To avoid ambiguity, expressions that mix operator groups require parentheses:

# Valid
"1 + 2"
"1 + 2 + 3"
"(1 + 2) * 3"
"a = 1 AND b = 2 AND c = 3"

# Invalid (ambiguous)
"1 + 2 * 3"
"a = 1 AND b = 2 OR c = 3"

Summary

Functions

Evaluates an expression against a context.

Parses an expression and returns the AST without evaluating.

Tokenizes an expression without parsing.

Functions

eval(expression, context, opts \\ [])

Evaluates an expression against a context.

The SELECT keyword is optional.

Parameters

  • expression - A string containing the expression
  • context - A map of field names (strings) to values

Returns

  • {:ok, result} - The computed result
  • {:error, reason} - If lexing, parsing, or evaluation fails

Examples

iex> Dsqlex.eval("1 + 2", %{})
{:ok, Decimal.new("3")}

iex> Dsqlex.eval("x * 2", %{"x" => Decimal.new("50")})
{:ok, Decimal.new("100")}

parse(expression)

Parses an expression and returns the AST without evaluating.

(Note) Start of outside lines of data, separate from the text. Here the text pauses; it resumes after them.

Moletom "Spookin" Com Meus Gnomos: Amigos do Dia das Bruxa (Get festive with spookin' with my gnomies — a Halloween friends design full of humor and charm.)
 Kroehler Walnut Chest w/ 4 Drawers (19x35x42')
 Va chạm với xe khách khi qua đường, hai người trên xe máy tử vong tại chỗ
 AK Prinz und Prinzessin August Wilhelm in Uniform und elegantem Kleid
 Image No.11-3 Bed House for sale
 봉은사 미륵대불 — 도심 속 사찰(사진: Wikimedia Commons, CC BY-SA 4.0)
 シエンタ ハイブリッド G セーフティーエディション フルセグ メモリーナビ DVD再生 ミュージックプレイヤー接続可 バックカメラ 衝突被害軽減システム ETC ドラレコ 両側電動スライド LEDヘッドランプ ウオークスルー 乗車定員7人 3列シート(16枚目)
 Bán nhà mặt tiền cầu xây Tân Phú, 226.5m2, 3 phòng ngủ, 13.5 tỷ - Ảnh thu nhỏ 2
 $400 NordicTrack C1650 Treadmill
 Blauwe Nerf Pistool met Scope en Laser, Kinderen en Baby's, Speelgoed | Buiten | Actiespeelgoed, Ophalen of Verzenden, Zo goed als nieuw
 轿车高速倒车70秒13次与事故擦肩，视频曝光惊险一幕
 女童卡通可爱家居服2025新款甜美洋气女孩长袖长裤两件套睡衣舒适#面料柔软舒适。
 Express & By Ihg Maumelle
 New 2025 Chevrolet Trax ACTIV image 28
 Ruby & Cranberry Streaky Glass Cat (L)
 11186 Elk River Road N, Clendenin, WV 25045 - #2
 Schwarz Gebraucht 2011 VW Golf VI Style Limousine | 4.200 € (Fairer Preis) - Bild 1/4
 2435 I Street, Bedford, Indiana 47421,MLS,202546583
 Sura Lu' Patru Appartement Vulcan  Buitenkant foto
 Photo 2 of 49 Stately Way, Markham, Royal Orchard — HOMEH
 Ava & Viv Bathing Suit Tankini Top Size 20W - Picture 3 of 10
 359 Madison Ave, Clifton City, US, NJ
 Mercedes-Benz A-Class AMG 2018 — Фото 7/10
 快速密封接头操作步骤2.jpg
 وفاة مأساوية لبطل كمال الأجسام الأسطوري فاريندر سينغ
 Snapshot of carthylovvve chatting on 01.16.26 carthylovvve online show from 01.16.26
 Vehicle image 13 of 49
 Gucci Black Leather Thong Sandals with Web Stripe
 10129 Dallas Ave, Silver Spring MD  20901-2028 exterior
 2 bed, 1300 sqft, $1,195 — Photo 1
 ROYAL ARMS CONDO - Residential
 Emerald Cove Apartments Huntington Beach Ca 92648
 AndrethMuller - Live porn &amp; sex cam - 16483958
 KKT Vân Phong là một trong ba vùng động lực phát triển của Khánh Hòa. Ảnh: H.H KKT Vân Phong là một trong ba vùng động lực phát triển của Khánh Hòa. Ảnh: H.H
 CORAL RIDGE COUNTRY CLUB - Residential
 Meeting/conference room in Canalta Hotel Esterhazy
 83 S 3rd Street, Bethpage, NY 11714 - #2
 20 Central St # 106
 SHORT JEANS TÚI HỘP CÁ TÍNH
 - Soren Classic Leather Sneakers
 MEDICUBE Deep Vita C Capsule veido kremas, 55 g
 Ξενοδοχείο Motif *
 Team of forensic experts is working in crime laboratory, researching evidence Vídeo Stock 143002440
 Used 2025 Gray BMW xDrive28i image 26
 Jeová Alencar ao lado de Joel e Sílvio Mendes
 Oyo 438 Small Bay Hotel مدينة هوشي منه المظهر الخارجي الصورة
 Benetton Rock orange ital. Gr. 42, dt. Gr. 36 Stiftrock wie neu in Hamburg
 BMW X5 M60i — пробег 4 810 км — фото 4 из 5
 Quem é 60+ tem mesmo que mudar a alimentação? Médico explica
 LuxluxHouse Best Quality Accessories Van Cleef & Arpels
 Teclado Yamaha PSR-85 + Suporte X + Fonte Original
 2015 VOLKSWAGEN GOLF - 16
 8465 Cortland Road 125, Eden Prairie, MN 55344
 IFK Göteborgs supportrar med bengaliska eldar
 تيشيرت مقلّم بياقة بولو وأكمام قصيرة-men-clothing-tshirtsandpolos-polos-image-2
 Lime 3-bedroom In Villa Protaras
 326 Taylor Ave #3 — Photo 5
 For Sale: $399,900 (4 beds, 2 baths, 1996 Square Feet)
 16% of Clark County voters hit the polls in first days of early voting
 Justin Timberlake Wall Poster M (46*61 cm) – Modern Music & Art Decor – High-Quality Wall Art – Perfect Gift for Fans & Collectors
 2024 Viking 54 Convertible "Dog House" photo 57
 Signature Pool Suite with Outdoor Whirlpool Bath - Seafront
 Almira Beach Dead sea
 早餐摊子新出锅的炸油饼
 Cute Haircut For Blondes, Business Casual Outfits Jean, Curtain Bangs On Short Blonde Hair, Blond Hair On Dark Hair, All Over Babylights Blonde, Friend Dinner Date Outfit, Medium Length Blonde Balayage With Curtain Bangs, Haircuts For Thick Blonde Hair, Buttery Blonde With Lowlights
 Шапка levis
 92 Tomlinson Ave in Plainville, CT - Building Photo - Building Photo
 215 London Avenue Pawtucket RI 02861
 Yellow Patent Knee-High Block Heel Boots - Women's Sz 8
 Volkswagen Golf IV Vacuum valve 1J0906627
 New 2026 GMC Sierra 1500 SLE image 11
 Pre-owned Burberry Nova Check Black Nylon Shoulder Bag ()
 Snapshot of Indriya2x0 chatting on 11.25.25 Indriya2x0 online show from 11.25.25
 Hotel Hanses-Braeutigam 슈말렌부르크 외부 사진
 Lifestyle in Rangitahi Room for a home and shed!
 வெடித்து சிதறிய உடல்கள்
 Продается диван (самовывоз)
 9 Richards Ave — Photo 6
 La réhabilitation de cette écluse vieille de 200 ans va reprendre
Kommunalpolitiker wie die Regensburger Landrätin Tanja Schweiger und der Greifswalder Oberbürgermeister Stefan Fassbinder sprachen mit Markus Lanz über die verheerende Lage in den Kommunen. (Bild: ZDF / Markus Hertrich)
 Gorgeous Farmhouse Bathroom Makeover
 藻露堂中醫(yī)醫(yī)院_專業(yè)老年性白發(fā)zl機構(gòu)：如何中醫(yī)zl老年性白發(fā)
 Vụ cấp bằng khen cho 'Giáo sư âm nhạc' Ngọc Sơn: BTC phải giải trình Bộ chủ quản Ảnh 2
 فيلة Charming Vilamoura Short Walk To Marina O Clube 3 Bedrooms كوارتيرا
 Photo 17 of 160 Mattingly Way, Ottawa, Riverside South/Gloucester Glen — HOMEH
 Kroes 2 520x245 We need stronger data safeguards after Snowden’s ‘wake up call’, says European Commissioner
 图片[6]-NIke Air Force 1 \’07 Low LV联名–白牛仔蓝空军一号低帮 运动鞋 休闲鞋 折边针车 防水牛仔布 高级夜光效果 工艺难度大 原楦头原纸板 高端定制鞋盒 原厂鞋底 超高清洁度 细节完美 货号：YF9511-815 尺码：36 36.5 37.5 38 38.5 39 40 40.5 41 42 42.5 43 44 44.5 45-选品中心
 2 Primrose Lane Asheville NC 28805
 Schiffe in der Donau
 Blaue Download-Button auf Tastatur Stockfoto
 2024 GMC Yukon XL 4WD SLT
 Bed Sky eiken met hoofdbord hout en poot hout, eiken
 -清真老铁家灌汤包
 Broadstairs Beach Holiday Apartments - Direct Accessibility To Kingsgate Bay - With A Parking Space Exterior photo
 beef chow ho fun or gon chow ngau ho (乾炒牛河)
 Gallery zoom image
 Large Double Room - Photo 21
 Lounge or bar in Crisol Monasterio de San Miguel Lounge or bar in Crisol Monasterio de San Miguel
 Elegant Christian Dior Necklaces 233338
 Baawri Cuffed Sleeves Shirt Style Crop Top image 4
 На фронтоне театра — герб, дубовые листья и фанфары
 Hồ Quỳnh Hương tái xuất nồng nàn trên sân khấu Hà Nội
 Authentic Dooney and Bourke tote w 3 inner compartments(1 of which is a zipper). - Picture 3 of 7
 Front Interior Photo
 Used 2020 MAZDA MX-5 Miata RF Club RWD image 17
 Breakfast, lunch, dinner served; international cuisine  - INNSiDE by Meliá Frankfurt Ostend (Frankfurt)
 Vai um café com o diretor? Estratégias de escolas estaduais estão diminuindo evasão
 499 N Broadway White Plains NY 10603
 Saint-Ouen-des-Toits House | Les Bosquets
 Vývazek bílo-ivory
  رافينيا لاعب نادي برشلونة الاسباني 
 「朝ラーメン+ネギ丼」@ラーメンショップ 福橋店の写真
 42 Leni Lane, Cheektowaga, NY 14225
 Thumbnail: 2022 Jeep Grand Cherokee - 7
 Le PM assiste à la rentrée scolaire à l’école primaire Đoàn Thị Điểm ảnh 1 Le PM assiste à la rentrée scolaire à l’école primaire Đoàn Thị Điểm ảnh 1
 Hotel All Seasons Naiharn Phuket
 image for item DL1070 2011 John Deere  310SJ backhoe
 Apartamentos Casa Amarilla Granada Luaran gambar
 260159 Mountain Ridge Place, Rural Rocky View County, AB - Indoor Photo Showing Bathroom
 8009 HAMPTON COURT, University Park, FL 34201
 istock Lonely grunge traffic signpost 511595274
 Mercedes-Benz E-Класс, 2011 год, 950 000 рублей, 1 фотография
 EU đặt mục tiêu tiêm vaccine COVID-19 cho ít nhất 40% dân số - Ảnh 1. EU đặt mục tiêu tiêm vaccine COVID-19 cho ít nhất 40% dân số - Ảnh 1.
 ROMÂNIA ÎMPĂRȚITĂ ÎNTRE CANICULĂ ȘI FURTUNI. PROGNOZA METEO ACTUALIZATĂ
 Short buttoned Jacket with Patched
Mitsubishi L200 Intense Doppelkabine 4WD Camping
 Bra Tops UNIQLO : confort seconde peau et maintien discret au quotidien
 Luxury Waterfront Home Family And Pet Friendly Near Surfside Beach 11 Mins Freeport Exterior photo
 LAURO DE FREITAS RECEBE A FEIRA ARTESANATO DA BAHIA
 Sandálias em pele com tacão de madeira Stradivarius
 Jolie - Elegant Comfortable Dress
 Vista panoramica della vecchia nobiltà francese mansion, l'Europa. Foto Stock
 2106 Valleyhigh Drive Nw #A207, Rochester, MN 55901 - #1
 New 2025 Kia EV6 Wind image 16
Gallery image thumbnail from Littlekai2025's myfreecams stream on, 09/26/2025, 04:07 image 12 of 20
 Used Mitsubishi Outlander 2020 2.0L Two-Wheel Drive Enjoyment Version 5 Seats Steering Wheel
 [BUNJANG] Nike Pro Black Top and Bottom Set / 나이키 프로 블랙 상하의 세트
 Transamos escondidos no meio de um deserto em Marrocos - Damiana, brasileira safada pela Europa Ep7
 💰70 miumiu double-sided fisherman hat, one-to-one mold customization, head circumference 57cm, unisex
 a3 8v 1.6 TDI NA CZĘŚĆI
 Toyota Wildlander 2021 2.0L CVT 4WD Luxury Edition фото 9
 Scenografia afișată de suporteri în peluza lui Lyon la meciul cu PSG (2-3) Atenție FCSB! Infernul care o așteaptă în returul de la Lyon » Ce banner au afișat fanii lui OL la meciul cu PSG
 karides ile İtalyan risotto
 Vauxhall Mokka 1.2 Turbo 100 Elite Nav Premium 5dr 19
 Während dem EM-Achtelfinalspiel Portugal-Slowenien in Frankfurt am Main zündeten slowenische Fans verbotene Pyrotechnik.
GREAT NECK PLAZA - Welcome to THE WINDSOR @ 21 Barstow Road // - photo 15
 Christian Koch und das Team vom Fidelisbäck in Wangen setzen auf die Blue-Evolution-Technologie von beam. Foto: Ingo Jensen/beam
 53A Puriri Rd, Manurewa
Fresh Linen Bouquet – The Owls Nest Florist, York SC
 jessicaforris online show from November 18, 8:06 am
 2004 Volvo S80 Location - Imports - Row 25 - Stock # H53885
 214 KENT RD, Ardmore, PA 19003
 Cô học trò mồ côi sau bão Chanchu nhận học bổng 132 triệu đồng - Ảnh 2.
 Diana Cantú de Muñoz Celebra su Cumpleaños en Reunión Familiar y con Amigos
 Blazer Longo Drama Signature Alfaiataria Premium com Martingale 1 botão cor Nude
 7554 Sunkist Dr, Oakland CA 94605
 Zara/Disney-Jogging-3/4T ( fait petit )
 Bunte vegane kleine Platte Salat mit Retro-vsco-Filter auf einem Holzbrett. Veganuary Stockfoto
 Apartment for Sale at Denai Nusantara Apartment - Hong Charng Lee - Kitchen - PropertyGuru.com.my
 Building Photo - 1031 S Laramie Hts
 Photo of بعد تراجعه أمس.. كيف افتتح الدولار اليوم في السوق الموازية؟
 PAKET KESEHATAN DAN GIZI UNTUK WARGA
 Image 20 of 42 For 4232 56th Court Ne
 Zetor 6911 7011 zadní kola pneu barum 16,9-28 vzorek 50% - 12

Useful for validating expressions before storing them. The SELECT keyword is optional.

Examples

iex> Dsqlex.parse("x / y")
{:ok, {:select, {:binary_op, :divide, {:identifier, "x"}, {:identifier, "y"}}}}

tokenize(expression)

Tokenizes an expression without parsing.

Useful for debugging or inspecting the lexer output.